This year alone Nike will spend about $120 million on advertising and millions more in payments to such athletes as Michael Jordan and Bo Jackson. Reebok is countering with an ad budget of some $100 million, including $20 million to promote Orlando Magic rookie star Shaquille O'Neal. Marquee names like those can bring in huge sales, particularly among the under-25 set.
New Balance has been hard-pressed to compete. A couple of years ago it ran ads claiming, somewhat forlornly, that it was "endorsed by no one." The company has always expected that people would buy its shoes because, quite simply, they fit better. But in an industry increasingly driven by slick ad campaigns, that hasn't been and may not be enough.* * *
Twenty-one years ago, on the day of the 1972 Boston marathon, a 28-year-old Davis bought New Balance. It wasn't much at the time -- six people in a Watertown, Mass., garage crafting 30 pairs of shoes a day. For a company founded in 1906 as an orthopedic-shoe maker, it hadn't gone very far. As an adjunct to its orthopedic line, New Balance started making athletic shoes commercially in 1962. Davis acquired it for $100,000.
His timing was superb. The running boom ignited in 1974, and two years later Runner's World rated a New Balance model as the best on the market. In fact, the company had 4 of the magazine's 10 top-rated running shoes. Suddenly, Davis had a hot product on his hands.
"Our biggest problem was getting enough product out the door," he says. "We went from doing $100,000 in 1972 to doing $60 million in 1982. Growing that dramatically, you're behind the eight ball all the way. It was out of control. We probably hit our peak in the mid-'80s, with sales of around $85 million and good profitability."
Then, between 1986 and 1989, even as the industry continued its expansion, New Balance's growth all but vanished. Davis blames himself. "We lost our focus," he says. "We didn't execute well. And we tried to chase Nike and Reebok in terms of design, which we never should have done. The result was a lot of closeouts, a lot of selling below the recommended wholesale price.
"What always sold," he adds, "were our core running products and our tennis shoes. But we never had enough of them because we had spread ourselves too thin in all these peripheral areas. We knew our brand awareness was low, but even if we'd had money to advertise, we wouldn't have spent it because of our failure to execute effectively."
The low point came in 1989. Davis's top managers urged him to shut down domestic manufacturing and join the stampede to the Orient. For a model of success, they said, you just had to look at Nike. Founded in 1972 -- the same year Davis bought New Balance -- Nike was already bolting past the $1-billion mark in U.S. footwear sales. With low labor costs and economies of scale, it was able to feed its big-gun advertising and marketing machine.
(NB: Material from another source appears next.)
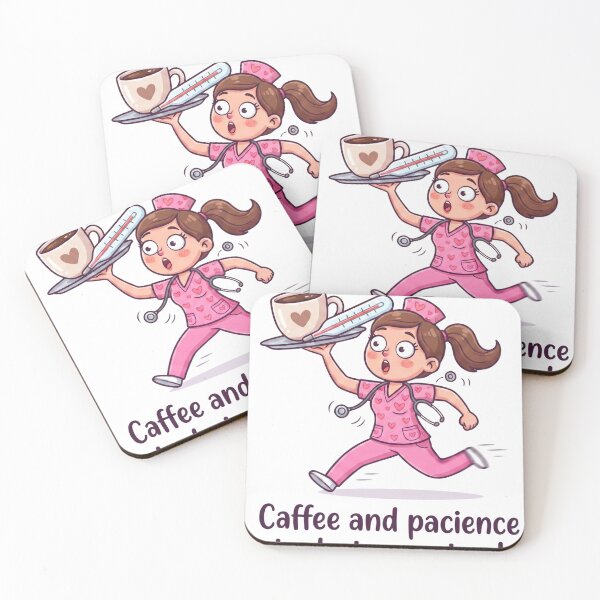 Item preview, Nurse Life, Powered by coffee & safety protocols designed and sold by amazouz1.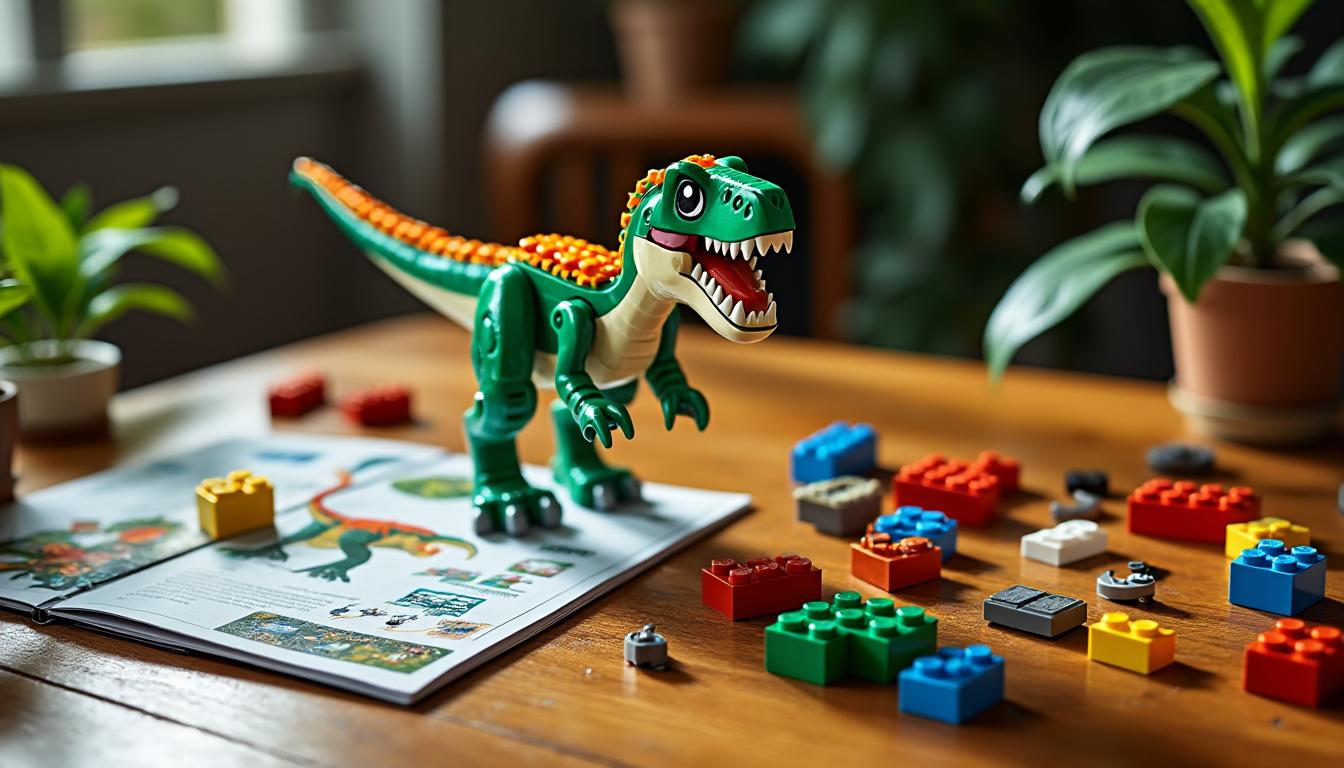 découvrez les étapes clés de la notice du lego creator dinosaure, expliquées en détail pour vous guider dans la construction de votre modèle. suivez notre guide étape par étape pour un assemblage facile et amusant qui ravira petits et grands !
New Balance was struggling to break even on sales of $95 million.
Although New Balance now makes some shoes and shoe components overseas, Davis has always felt strongly about manufacturing domestically. In his view, the virtues of doing so held sway over cheap overseas labor. "Initially, we manufactured here because when I bought the company, it was making shoes here," he says. "Then we realized that you can control the quality better from here. You can establish proprietary techniques to improve upon product quality. We'd be a bigger, more profitable company if we made everything overseas. Making a profit is important, but it's not the most important thing. To me, what matters most is making a product you believe in."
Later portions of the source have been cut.